De rechtbank Zeeland-West-Brabant heeft bepaald dat een directeur-grootaandeelhouder (DGA) zijn pensioenuitkering niet tot het gebruikelijk loon mag rekenen. Dit is bepaald in een geschil tussen de DGA en de Inspecteur.
Een DGA verricht via de BV advieswerkzaamheden waarvoor hij een beloning ontvangt. In 2011 werd de DGA 65 jaar, waarna zijn beloning met 30.000 euro omlaag ging. Tevens ontvangt hij vanaf april 2011 een pensioenuitkering van de BV.

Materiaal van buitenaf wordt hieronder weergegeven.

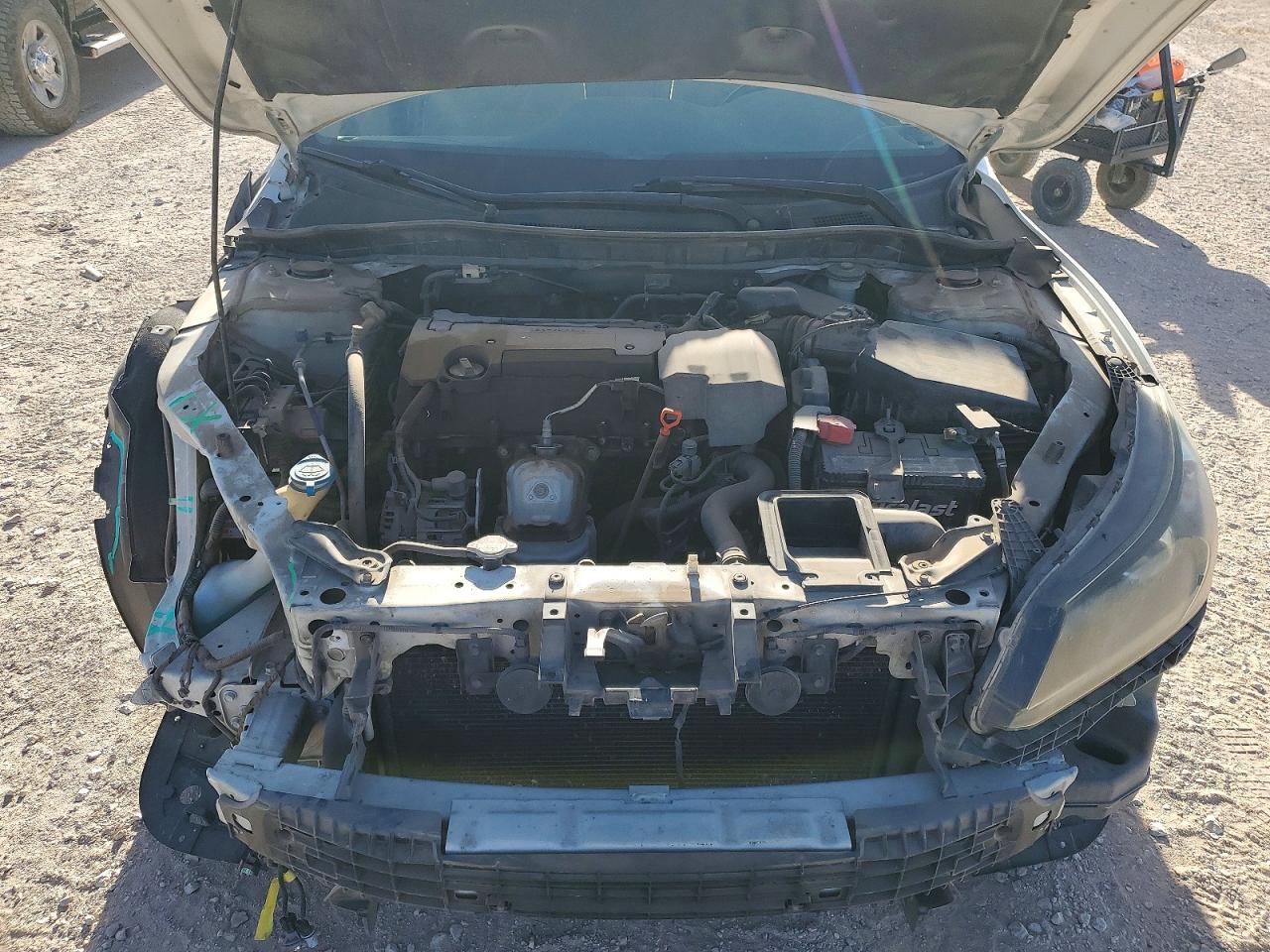 2013 HONDA ACCORD LX photo 21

De DGA gaf hierna in zijn aangiften 30.000 euro minder inkomen op. Na een boekenonderzoek verhoogde de Inspecteur het inkomen met 12.000 euro, na de bepaling dat het gebruikelijk inkomen voor de DGA niet 30.000 maar 42.000 euro is. De vraag was of de verhoging van het inkomen van de DGA uit de BV op grond van artikel 12a Wet LB 1964 terecht is. De DGA vond het namelijk onterecht dat bij de bepaling de ontvangen pensioenuitkering geen onderdeel uitmaakt van het gebruikelijk loon. De rechtbank geeft de Inspecteur gelijk. Naar oordeel van de rechtbank moet er sprake zijn van een relatie tussen de verrichte werkzaamheden en het zakelijk te achten salaris uit de BV. De pensioenuitkering is geen directe vergoeding voor de werkzaamheden van de DGA ten behoeve van de BV en behoort daarom niet tot het gebruikelijke loon, oordeelde de rechtbank.
Bron: ECLI:NL:RBZWB:2016:5659 (Rechtbank Zeeland-West-Brabant December 22, 2016).